PODS Invited Talks
Datalog Redux: Experience and Conjecture
Jospeh M. Hellerstein, UC Berkeley
Datalog was a foundational topic in the early years of PODS, despite skepticism from practitioners about its relevance. This has been changing in recent years, with unlikely champions exploring and promoting its use as a practical basis for programming in a wide variety of application domains. We reflect on our use of Datalog to build systems of significant complexity for both networking and cloud computing infrastructure. Based on that experience, we present conjectures regarding next-generation programming languages, and the role that database theory could play in their development.
Joseph M. Hellerstein is a Professor of Computer Science at the University of California, Berkeley, whose research focuses on data management and distributed systems. He is an ACM Fellow, and his work has been recognized by multiple awards including an Alfred P. Sloan Research Fellowship, and two ACM-SIGMOD "Test of Time" awards. Key ideas from his research have been incorporated into commercial and open-source database software released by IBM, Oracle, and PostgreSQL. He has also held industrial posts including Director of Intel Research Berkeley and Chief Scientist of Cohera Corporation, and currently serves as an advisor to a number of technology companies.
Invited Tutorial 1
From Information to Knowledge: Harvesting Entities and Relationships from Web Sources
Gerhard Weikum and Martin Theobald, Max Planck Institute for Informatics, Saarbruecken, Germany
There are major trends to advance the functionality of search engines to a more expressive semantic level. This is enabled by the advent of knowledge-sharing communities such as Wikipedia and the progress in automatically extracting entities and relationships from semistructured as well as natural-language Web sources. Recent endeavors of this kind include DBpedia, EntityCube, KnowItAll, ReadTheWeb, and our own YAGO-NAGA project (and others). The goal is to automatically construct and maintain a comprehensive knowledge base of facts about named entities, their semantic classes, and their mutual relations as well as temporal contexts, with high precision and high recall. This tutorial discusses state-of-the-art methods, research opportunities, and open challenges along this avenue of knowledge harvesting. It also addresses issues of querying the knowledge base and ranking answers.
Gerhard Weikum is a Scientific Director at the Max-Planck Institute for Informatics, where he is leading the research group on databases and information systems. Earlier he held positions at Saarland University in Germany, ETH Zurich in Switzerland, MCC in Austin, and he was a visiting senior researcher at Microsoft Research in Redmond. His recent working areas include peer-to-peer information systems, the integration of database-systems and information-retrieval methods, and information extraction for building and maintaining large-scale knowledge bases. Gerhard has co-authored more than 150 publications, including a comprehensive textbook on transactional concurrency control and recovery. He received the VLDB 2002 ten-year award for his work on self-tuning databases, and he is an ACM Fellow.

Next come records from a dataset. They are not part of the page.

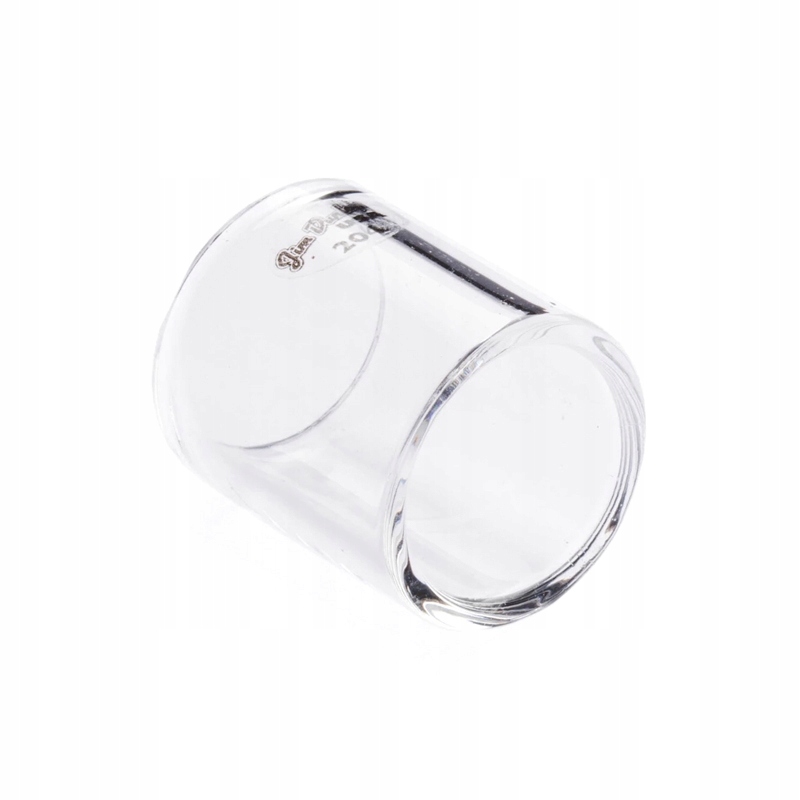 Slide Jim DUNLOP 204 - GLASS SLIDE gitarowy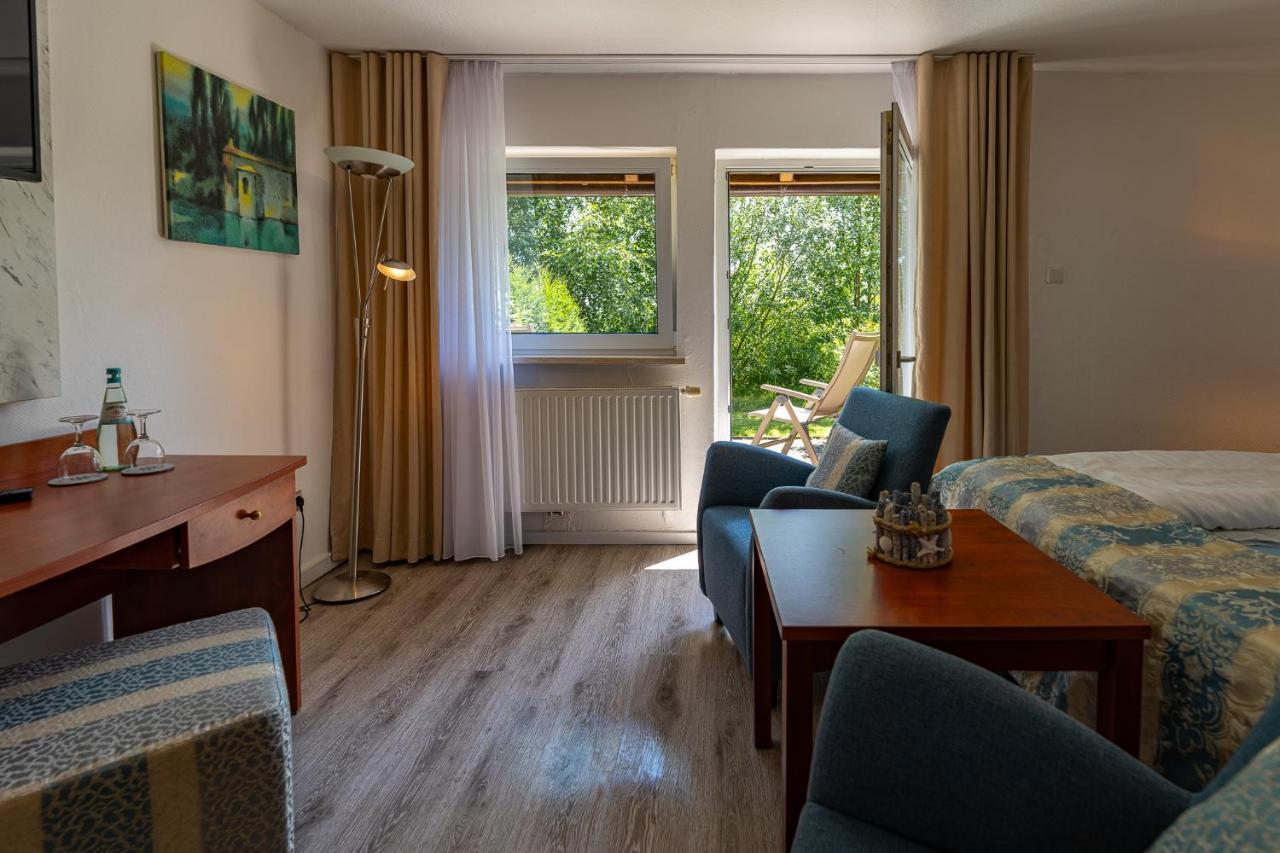 נויהרלינגרזיל Hotel Nordstern מראה חיצוני תמונה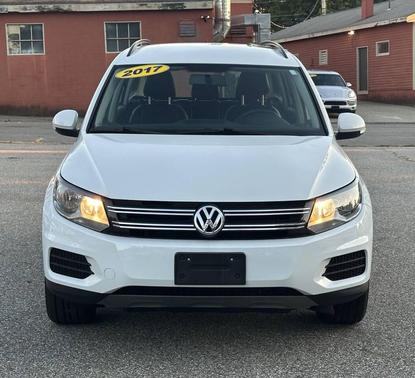 2017 Volkswagen Tiguan Limited 2.0T S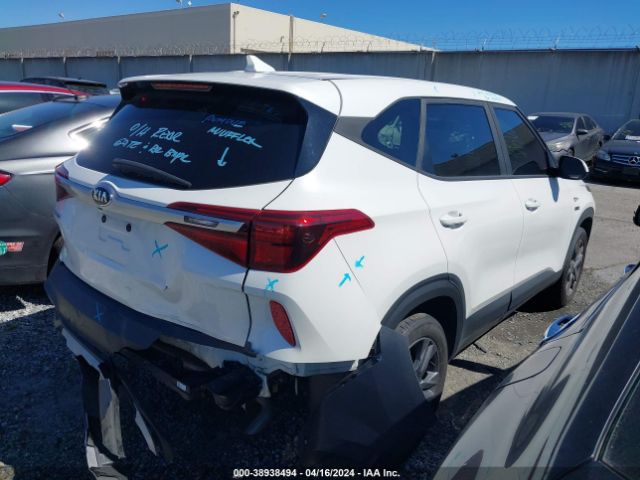 KNDEPCAAXM7048662 KIA Seltos Lx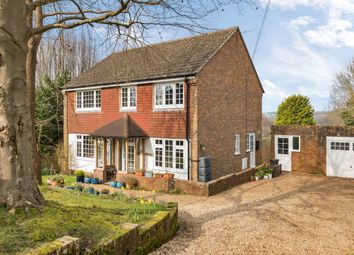 Thumbnail 4 bed detached house for sale in Dale Road, Forest Row, East Sussex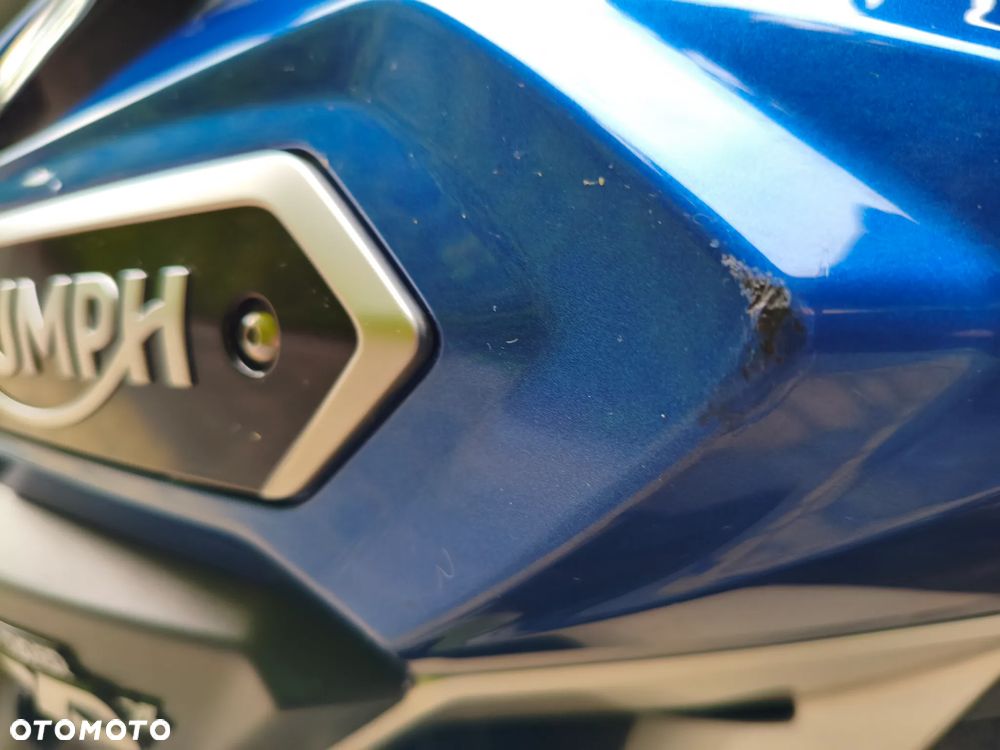 Triumph Tiger - 17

He is a member of the German Academy of Science and Engineering and a member of the German Council of Science and Humanities. Gerhard has served on the editorial boards of various journals including ACM TODS and the new CACM, and as program committee chair for conferences like ICDE 2000, SIGMOD 2004, CIDR 2007, and ICDE 2010. From 2004 to 2009 he was president of the VLDB Endowment.

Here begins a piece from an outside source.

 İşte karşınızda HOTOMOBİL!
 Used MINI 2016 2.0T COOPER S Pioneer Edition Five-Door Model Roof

Martin Theobald is a Senior Researcher at the Max Planck Institute for Informatics. He obtained a doctoral degree in computer science from Saarland University, and spent two years as a post-doc at Stanford University where he worked on the Trio probabilistic database system. Martin received an ACM SIGMOD dissertation award honorable mention in 2006 for his work on the TopX search engine for efficient ranked retrieval of semistructured XML data.
Invited Tutorial 2
T.S. Jayram, IBM Almaden Research Center
The recent years have witnessed the overwhelming success of algorithms that operate on massive data. Several computing paradigms have been proposed for massive data set algorithms such as data streams, sketching, sampling etc. and understanding their limitations is a fundamental theoretical challenge. In this survey, we describe the information complexity paradigm that has proved successful in obtaining tight lower bounds for several well-known problems. Information complexity quantifies the amount of information about the inputs that must be necessarily propagated by any algorithm in solving a problem. We describe the key ideas of this paradigm, and highlight the beautiful interplay of techniques arising from diverse areas such as information theory, statistics and geometry.
T.S. Jayram is a manager of the Algorithms and Computation group at IBM Almaden Research Center. His research interests are in massive data sets, probabilistic databases and computational complexity. He obtained his Ph.D. from University of Washington in 1998 and has been with IBM Research since that time. He has received the IBM Outstanding Innovation Award for his contributions to massive data sets. Previously, he received the Machtey award for best student paper in FOCS 1995.